I started serving on the presenting team for the personal growth program the very next workshop after I graduated from the program. Carla was an experienced and steady presence on the team. She could feel and zero in on anyone in the workshop who was in pain, and she knew how to be with them in a way that would help ease their pain.
If you think for just a moment about how she was able to do this, I bet you can guess the answer. Carla has experienced a lot of pain in her own life. She can recognize it and respond. I don’t know the full story behind her pain because I was in my own pain back then, and I took without much giving back. Carla tells me it’s because I didn’t have it to give.
There’s two reasons why I know that Carla’s pain is there, though. The first is because she’s told me she’s had a painful past. The second is because I can see a kindred spirit in her.
Carla taught me empathy. Empathy was a foreign concept to me. Empathy and compassion don’t just happen; they have to be learned through practice. I didn’t practice empathy growing up, like many people do. I was too lonely and alone. I didn’t practice empathy as an adult, like many people do. I found it safer to keep people at arms-length. I spent years actually believing I didn’t need other people.
So when I was cracked open, out came pain. Carla was there to catch me. She wasn’t uncomfortable being with my pain and she didn’t try to fix it. She simply stayed with me in empathy and compassion. I didn’t have to go through the pain alone.

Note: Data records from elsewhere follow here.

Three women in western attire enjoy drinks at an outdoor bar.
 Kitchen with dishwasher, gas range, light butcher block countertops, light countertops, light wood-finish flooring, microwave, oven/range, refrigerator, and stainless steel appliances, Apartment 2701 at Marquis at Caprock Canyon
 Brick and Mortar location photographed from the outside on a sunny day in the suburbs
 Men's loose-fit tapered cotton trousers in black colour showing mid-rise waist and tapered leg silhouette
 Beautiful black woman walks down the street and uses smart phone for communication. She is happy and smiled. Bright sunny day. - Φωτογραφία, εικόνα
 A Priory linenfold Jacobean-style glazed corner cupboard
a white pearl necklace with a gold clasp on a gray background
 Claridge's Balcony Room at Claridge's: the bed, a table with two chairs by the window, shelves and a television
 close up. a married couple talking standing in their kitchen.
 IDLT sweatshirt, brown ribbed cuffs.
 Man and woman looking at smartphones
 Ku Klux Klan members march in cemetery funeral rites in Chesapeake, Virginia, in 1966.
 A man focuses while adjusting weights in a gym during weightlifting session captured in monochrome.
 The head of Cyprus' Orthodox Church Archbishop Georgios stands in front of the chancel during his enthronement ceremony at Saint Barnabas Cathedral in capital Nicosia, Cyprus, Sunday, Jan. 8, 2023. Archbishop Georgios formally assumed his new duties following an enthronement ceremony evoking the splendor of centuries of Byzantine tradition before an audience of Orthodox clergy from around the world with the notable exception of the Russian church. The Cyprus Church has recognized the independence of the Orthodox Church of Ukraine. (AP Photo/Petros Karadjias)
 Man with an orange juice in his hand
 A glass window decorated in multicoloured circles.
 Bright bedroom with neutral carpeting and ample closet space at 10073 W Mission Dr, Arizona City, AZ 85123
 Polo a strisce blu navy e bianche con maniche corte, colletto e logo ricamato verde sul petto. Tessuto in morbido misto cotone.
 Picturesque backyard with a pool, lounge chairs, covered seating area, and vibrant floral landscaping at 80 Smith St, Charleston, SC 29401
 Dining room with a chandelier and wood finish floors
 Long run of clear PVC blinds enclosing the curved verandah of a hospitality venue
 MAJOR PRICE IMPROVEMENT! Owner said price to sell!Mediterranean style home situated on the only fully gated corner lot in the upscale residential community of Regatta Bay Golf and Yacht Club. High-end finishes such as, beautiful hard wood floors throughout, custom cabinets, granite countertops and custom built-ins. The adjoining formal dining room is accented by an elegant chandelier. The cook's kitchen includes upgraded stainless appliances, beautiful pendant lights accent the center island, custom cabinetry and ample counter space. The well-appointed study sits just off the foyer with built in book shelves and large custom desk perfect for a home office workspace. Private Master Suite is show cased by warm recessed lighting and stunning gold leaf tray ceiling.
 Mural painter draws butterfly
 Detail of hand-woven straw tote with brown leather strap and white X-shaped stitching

Before the workshop, I didn’t know what other people felt inside, the things they tend to hide from others. During the workshop, I understood that everyone feels pain, and my pain connected with their pain and we were the same. With Carla’s help, I was able to starting using empathy and compassion as tools to connect with others as part of the presenting team.
It was awkward at first, because I could get overwhelmed. But Carla and I worked well as a team because we both engaged participants from a place of gentleness and sensitivity. I was definitely the junior partner. I slowly learned how to self-manage and help others through their pain without getting lost in my own. Sometimes. Then usually. Now almost always. Almost.
After a while, Carla reported that she had developed a serious illness. She told me, “I’m a nurse. When the doctors tell me ‘no treatment, no cure’ I know what that means.” She’s the closest friend I’ve ever had who’s gotten so near the limits of her own mortality.
The doctors put in nerve blocks to ease her pain. She moved to Columbus, Ohio to be with a close friend and continue to search for physical and spiritual healing. We stayed in contact for a few years, but we eventually lost contact. So when I pulled up an old email address, I had no idea whether or not she was still alive.
It turns out that ‘no treatment, no cure’ wasn’t necessarily a death sentence. She’s as engaged in life as ever. We have a lot to catch up on. We’ve already started.
In the workshop, each of us has what we call our ‘contract’ and ‘purpose’ statement. Briefly, it’s a unique statement about who a person is and what the person does to live out her/his life purpose. Here’s mine: “I am a free man letting go of the bullshit, connecting in vulnerability.”
Carla was my mentor, leading me away from the bullshit and teaching me how to truly and vulnerably connect with others. Carla deserves much of the credit for helping me discover who I’ve become and what I do (my purpose in life). I can think of no higher compliment.